Example 6.4: Energy stored in a capacitor

Question: An air-filled parallel plate capacitor has a capacitance of $5.0$pF. A potential of 100V is applied across the plates, which are $1.0$cm apart, using a storage battery. What is the energy stored in the capacitor? Suppose that the battery is disconnected, and the plates are moved until they are $2.0$cm apart. What now is the energy stored in the capacitor? Suppose, instead, that the battery is left connected, and the plates are again moved until they are $2.0$cm apart. What is the energy stored in the capacitor in this case?
 
Answer: The initial energy stored in the capacitor is

$$W = \frac{C\,V^2}{2} = \frac{(5\times 10^{-12})\,(100)^2}{2}= 2.5\times 10^{-8} \,{\rm J}.$$

When the spacing between the plates is doubled, the capacitance of the capacitor is halved to $2.5$pF. If the battery is disconnected then this process takes place at constant charge $Q$. Thus, it follows from the formula

$$W = \frac{Q^2}{2\,C}$$

that the energy stored in the capacitor doubles.

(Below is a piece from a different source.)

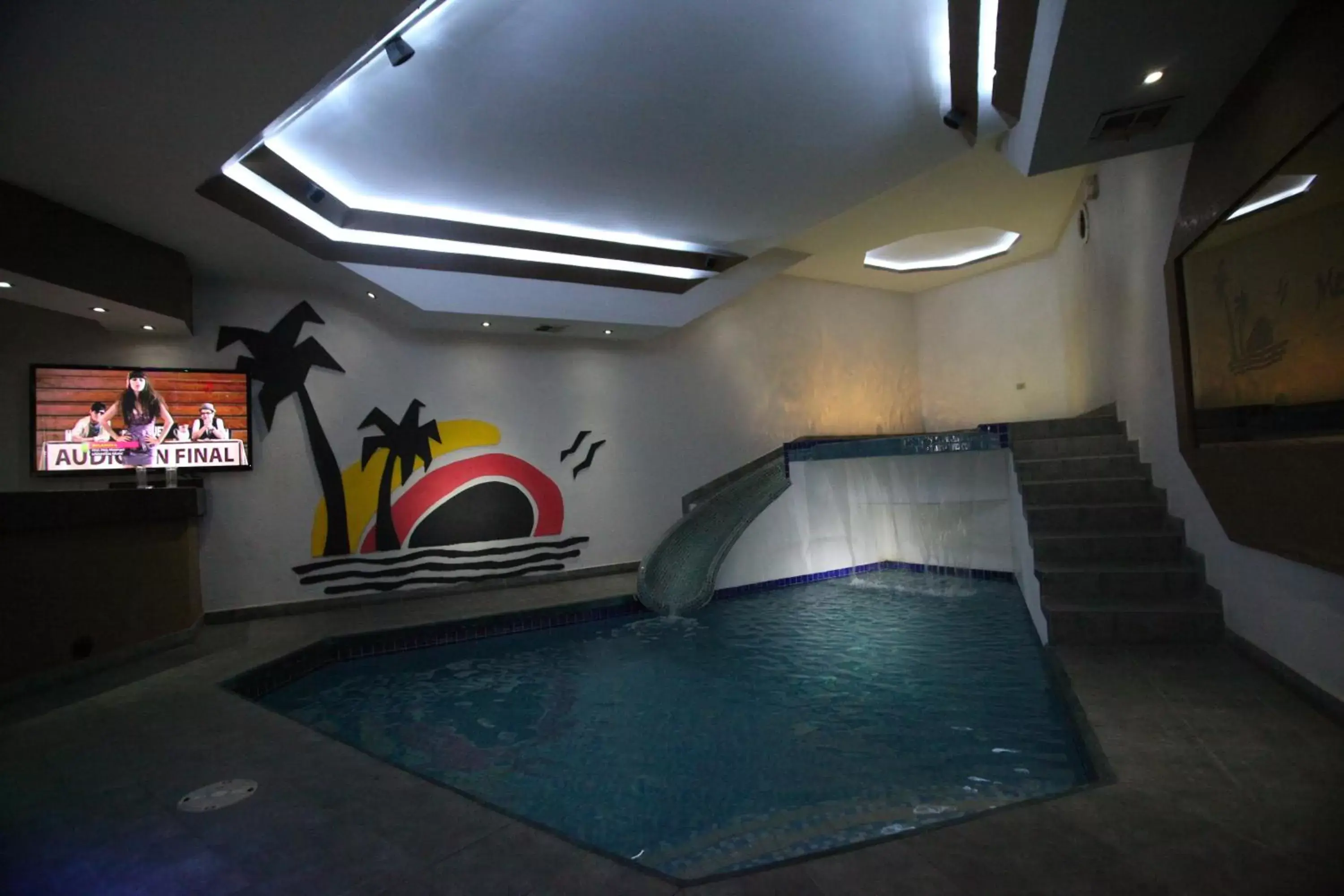 Swimming Pool in Motel Mediterraneo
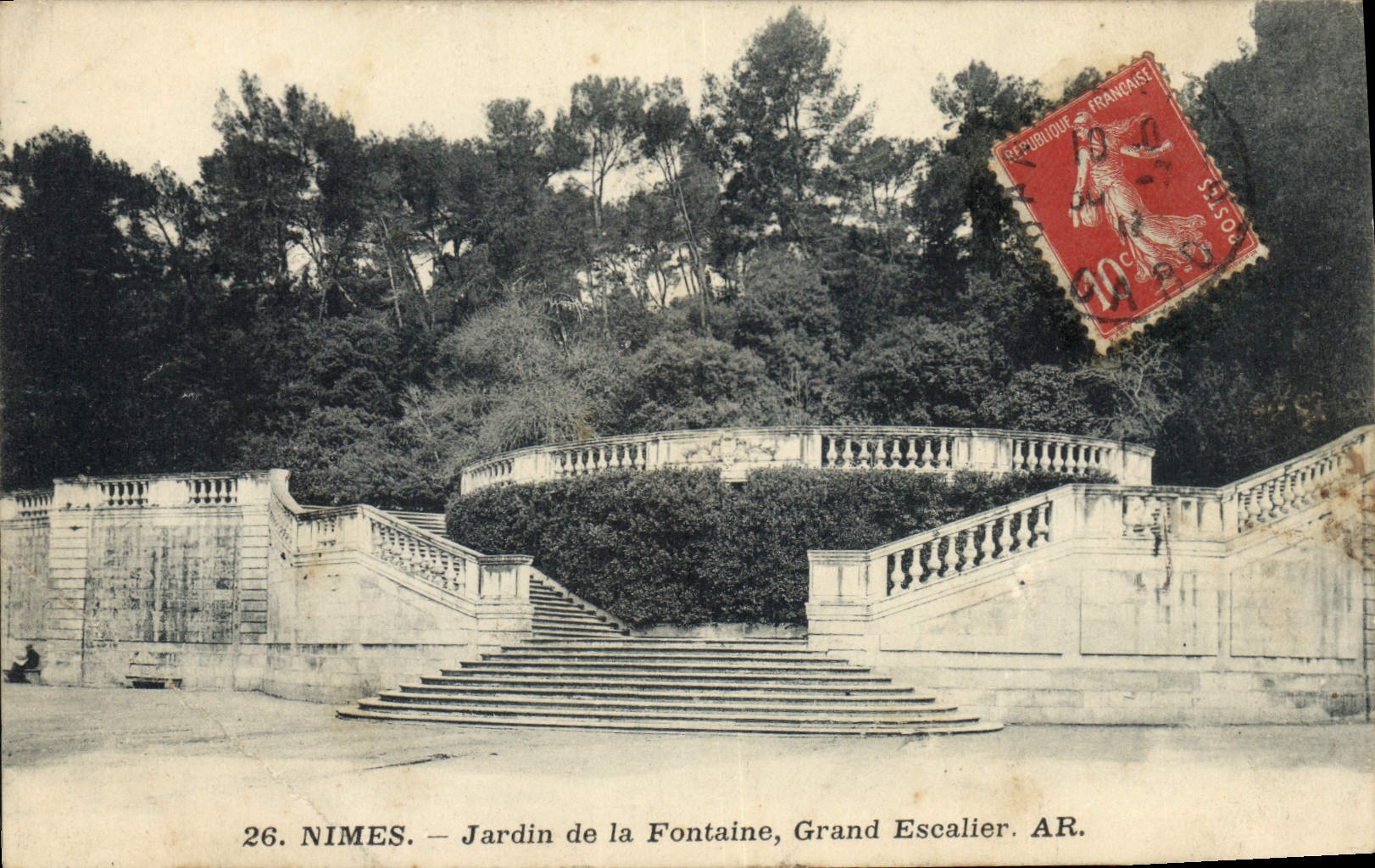 CPA Nimes Jardin de la Fontaine Grand Escalier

So, the new energy is $5.0\times 10^{-8}$J. Incidentally, the increased energy of the capacitor is accounted for by the work done in pulling the capacitor plates apart (since these plates are oppositely charged, they attract one another).

If the battery is left connected, then the capacitance is still halved, but now the process takes place at constant voltage $V$. It follows from the formula

$$W = \frac{C\,V^2}{2}$$

that the energy stored in the capacitor is halved. So, the new energy is $1.25\times 10^{-8}$J. Incidentally, the energy lost by the capacitor is given to the battery (in effect, it goes to re-charging the battery). Likewise, the work done in pulling the plates apart is also given to the battery.